Building Codes Help During And After Disasters
The Institute for Market Transformation (IMT) recognizes that energy efficiency in our buildings is a critical piece to improving the resilience of cities and local communities. Buildings that are built to higher efficiency standards are able to maintain comfortable temperatures for longer periods of time due to better thermal envelopes – preventing overheating or freezing.
These envelopes are able to maintain more survivable temperatures with a smaller input of energy, allowing generators or on-site solar to go further to sustain people who are sheltering in place or trying to perform critical job functions during a power outage or severe storm. More efficient heating and cooling equipment also means less pressure on the grid to provide the energy required to keep our buildings and communities lit, powered, and safe.
Earlier this month, the International Code Council (ICC) and the Alliance for National and Community Resilience (ANCR) released a Buildings Benchmark—the first of what will be 19 Community Resilience Benchmarks—to support efforts to create more resilient structures in local communities that can withstand natural disasters.
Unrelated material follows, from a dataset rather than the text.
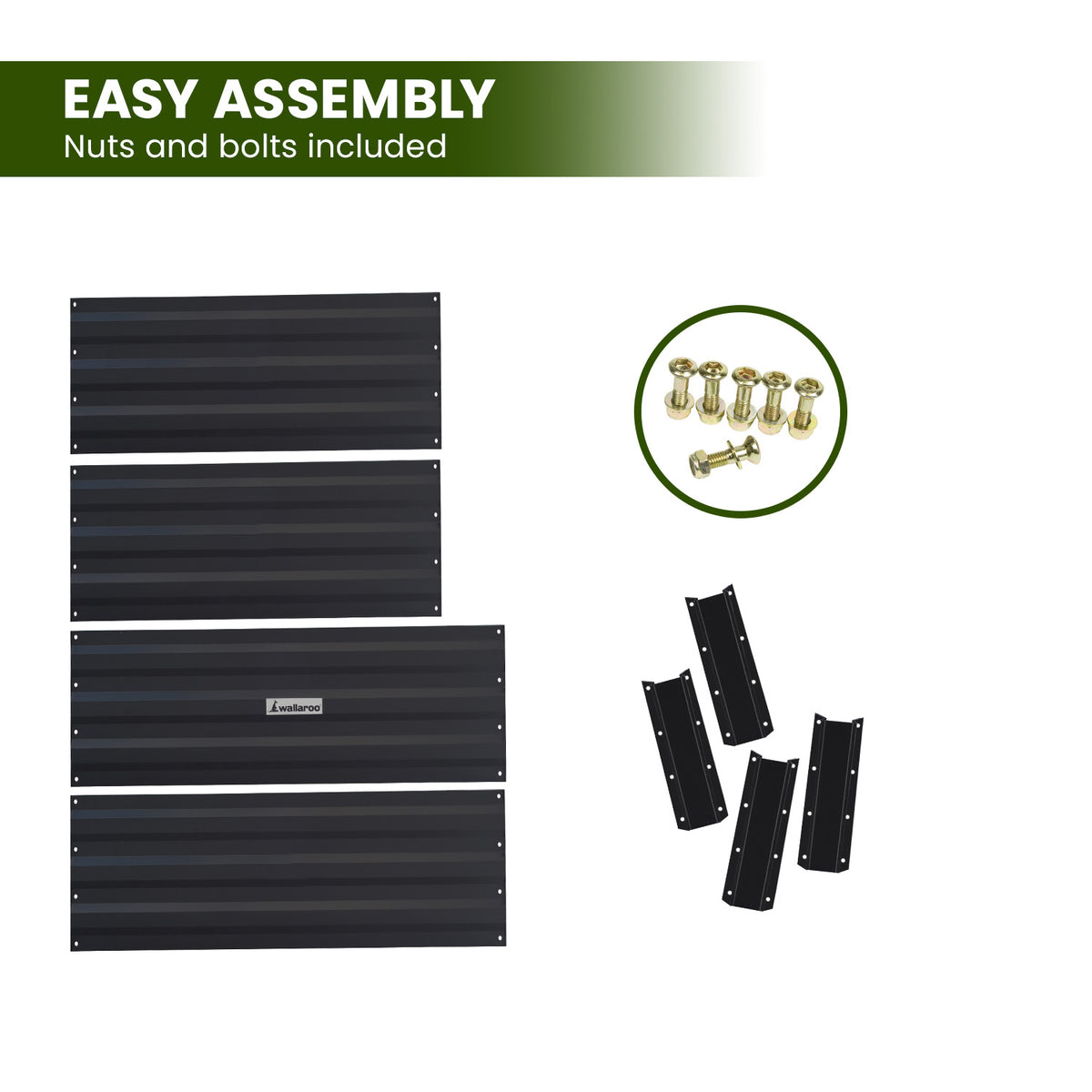 Wallaroo Garden Bed | Dimensions: 80 x 60 x 30cm | Made of Galvanized Steel | Color: Black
The goal of this resource, and the benchmarks to follow, is to provide states, cities, and towns with the necessary tools and information to evaluate their current resiliency efforts and be able to take the next steps towards strengthening their infrastructure, organizations, and social functions.
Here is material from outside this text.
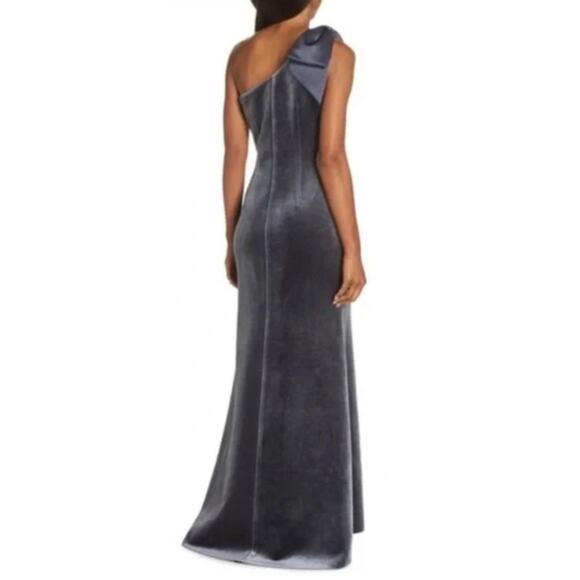 NWT ELIZA J Velvet One Shoulder Bow Accent Asymmetrical Gown Maxi Dress - Picture 2 of 11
Developing the Buildings Benchmark was an extraordinary undertaking. IMT joined ICC, ANCR, and several other organizations and experts from around the country at a workshop in Minneapolis in October 2017 to review key benchmark areas such as buildings, governance, and culture, and to come up with a process for developing the tools. The group then worked through a series of development and review cycles over the course of a year, culminating in a final vote in September 2018.
What’s In the Building Benchmark?
The resulting Buildings Benchmark encourages local governments to adopt modern building codes, create policies to allow for building above code, and to provide the human, technical, and financial resources necessary to support improving code compliance—an area that too often gets overlooked and leads to lower-performing and less efficient buildings.
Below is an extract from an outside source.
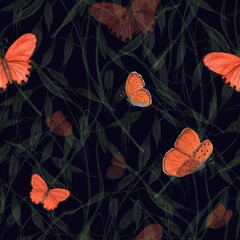 Watercolor seamless pattern of flying orange butterflies isolated on dark background of wild oats. For greeting card design, invitation template, prints, wallpaper, fabric, textile, wrapping.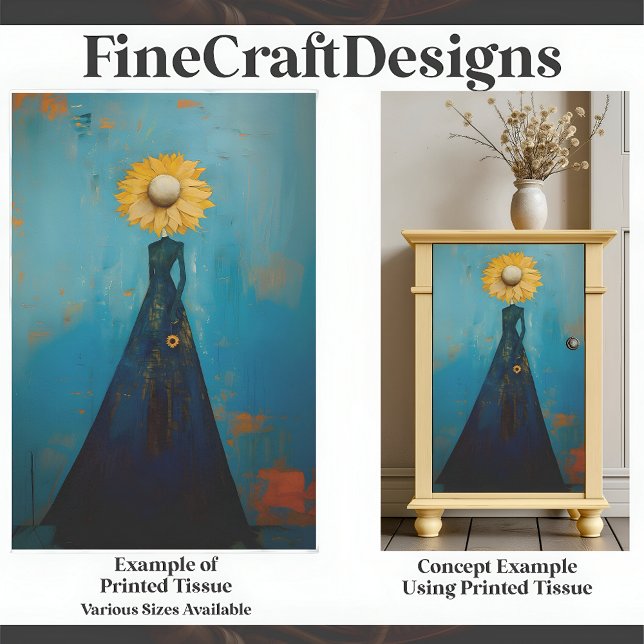 Elegant Graceful Tall Willowy Sunflower Girl C2L Tissue Paper (Creator Uploaded)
This focus on code compliance aligns with the work that IMT has been leading through its development of the City Energy Project Code Compliance Assessment Methodology, as well as its research supported by the U.S. Department of Energy to conduct residential and commercial code compliance field studies that are identifying baseline practices and targeting areas and strategies for improving compliance.
The Buildings Benchmark consists of nine requirements, each with three steps that range from “essential,” to “enhanced,” to “exceptional.” Each requirement step is aimed at increasing the resilience of a community by helping to evaluate where it is, and the work that can be done to achieve the next step toward becoming “exceptional.”
For example, the “Mitigation and Design of Critical Facilities” moves a community from the essential step of identifying those facilities, to the exceptional step of having design standards for the construction of new facilities and upgrades completed on existing facilities that are critical to surviving disruptions.
The steps are meant to be accessible no matter where a community is while at the same time pushing them forward to achieve more. The requirements include the adoption, administration, and enforcement of building codes.
Financial Upside Also a Driver
A recent study released by the National Institute of Building Sciences (NIBS) shows that by adopting the most recent building codes, there is an impressive cost-benefit ratio ranging from $4—12 for every $1 invested towards hazard mitigation. These numbers demonstrate the large and increasing benefits to adopting modern building codes.
As IMT continues to drive improvements on building energy code compliance across the country in collaboration with cities, code officials, and building owners and operators, we are excited to join ICC, ANCR, and other leaders in scaling compatible resiliency solutions for our buildings and communities.